Source data —
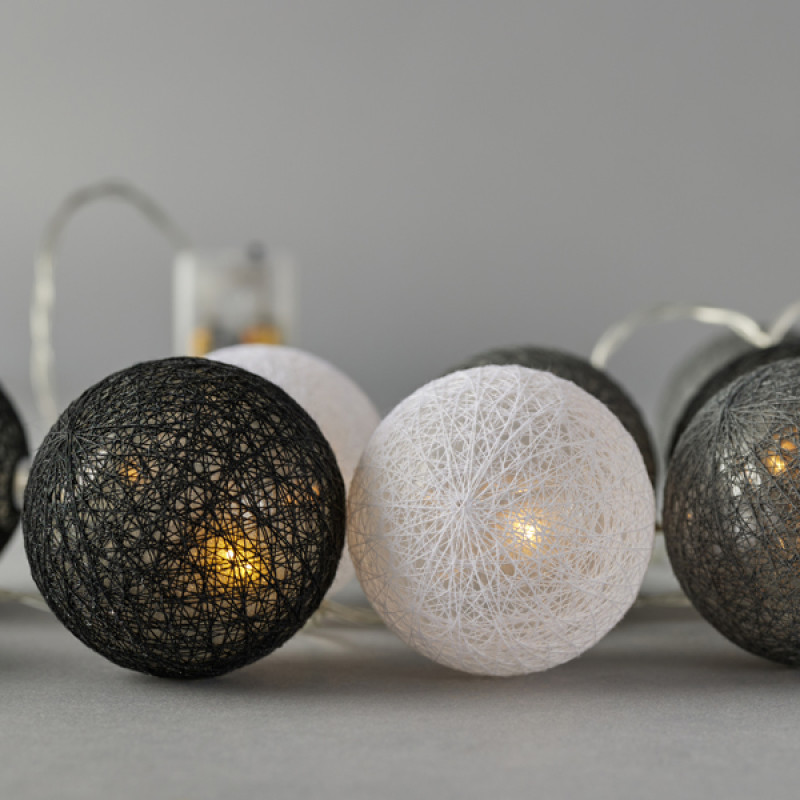 ΣΕΙΡΑ, 10 LED 5mm, ΛΕΥΚΕΣ, ΓΚΡΙ & ΜΑΥΡΕΣ ΥΦΑΣΜΑΤΙΝΕΣ ΜΠΑΛΕΣ 6cm, ΜΠΑΤΑΡΙΑΣ 2xAA, ΧΡΟΝΟΔΙΑΚΟΠΤΗ, ΔΙΑΦΑΝΟ PVC ΚΑΛΩΔΙΟ, 10 ΘΕΡΜΑ ΛΕΥΚΑ LED ΑΝΑ 10cm, ΠΡΟΕΚΤΑΣΗ ΠΑΡΟΧΗΣ 30cm, IP20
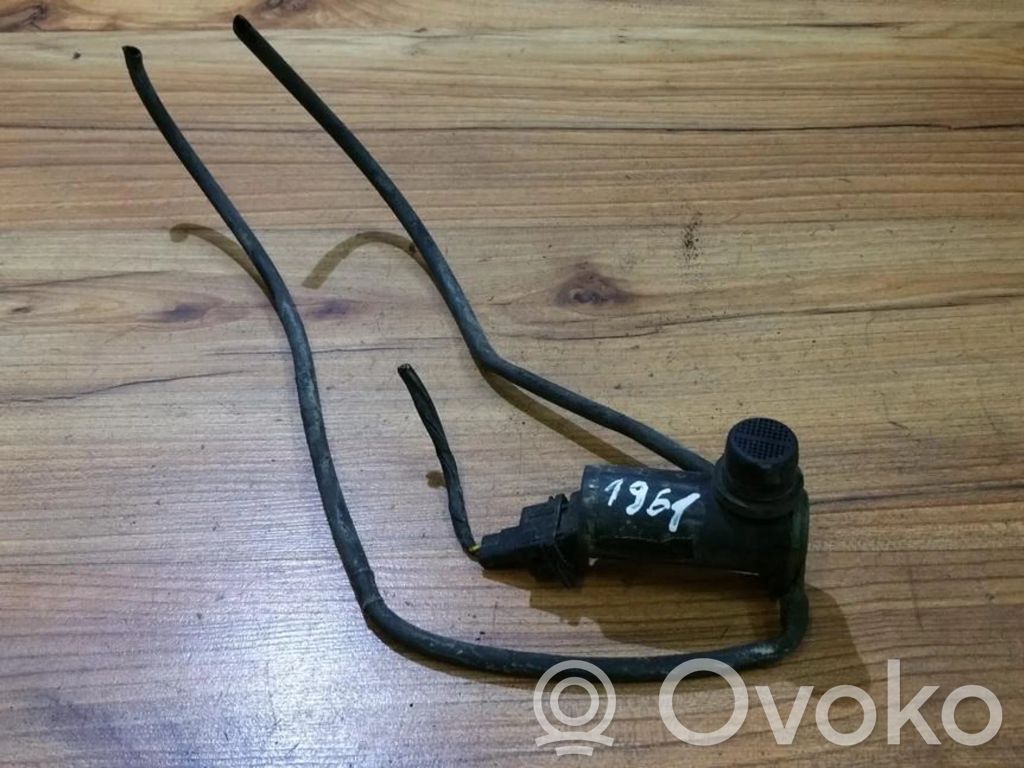 Ford Focus Pompa lavavetri parabrezza/vetro frontale 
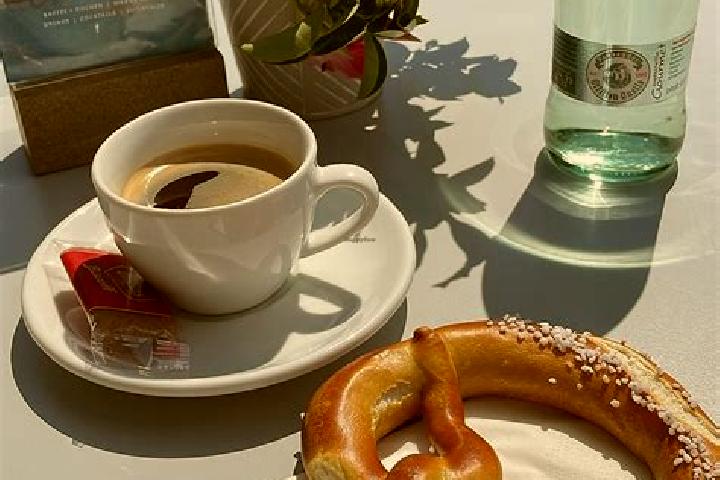 Ruby, 34 — Escort in Gaienhofen, Germany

Your goal — Transcribe the data exactly and leave no picture in the copy.

Solution to this exercise —
 ΣΕΙΡΑ, 10 LED 5mm, ΛΕΥΚΕΣ, ΓΚΡΙ & ΜΑΥΡΕΣ ΥΦΑΣΜΑΤΙΝΕΣ ΜΠΑΛΕΣ 6cm, ΜΠΑΤΑΡΙΑΣ 2xAA, ΧΡΟΝΟΔΙΑΚΟΠΤΗ, ΔΙΑΦΑΝΟ PVC ΚΑΛΩΔΙΟ, 10 ΘΕΡΜΑ ΛΕΥΚΑ LED ΑΝΑ 10cm, ΠΡΟΕΚΤΑΣΗ ΠΑΡΟΧΗΣ 30cm, IP20
 Ford Focus Pompa lavavetri parabrezza/vetro frontale 
 Ruby, 34 — Escort in Gaienhofen, Germany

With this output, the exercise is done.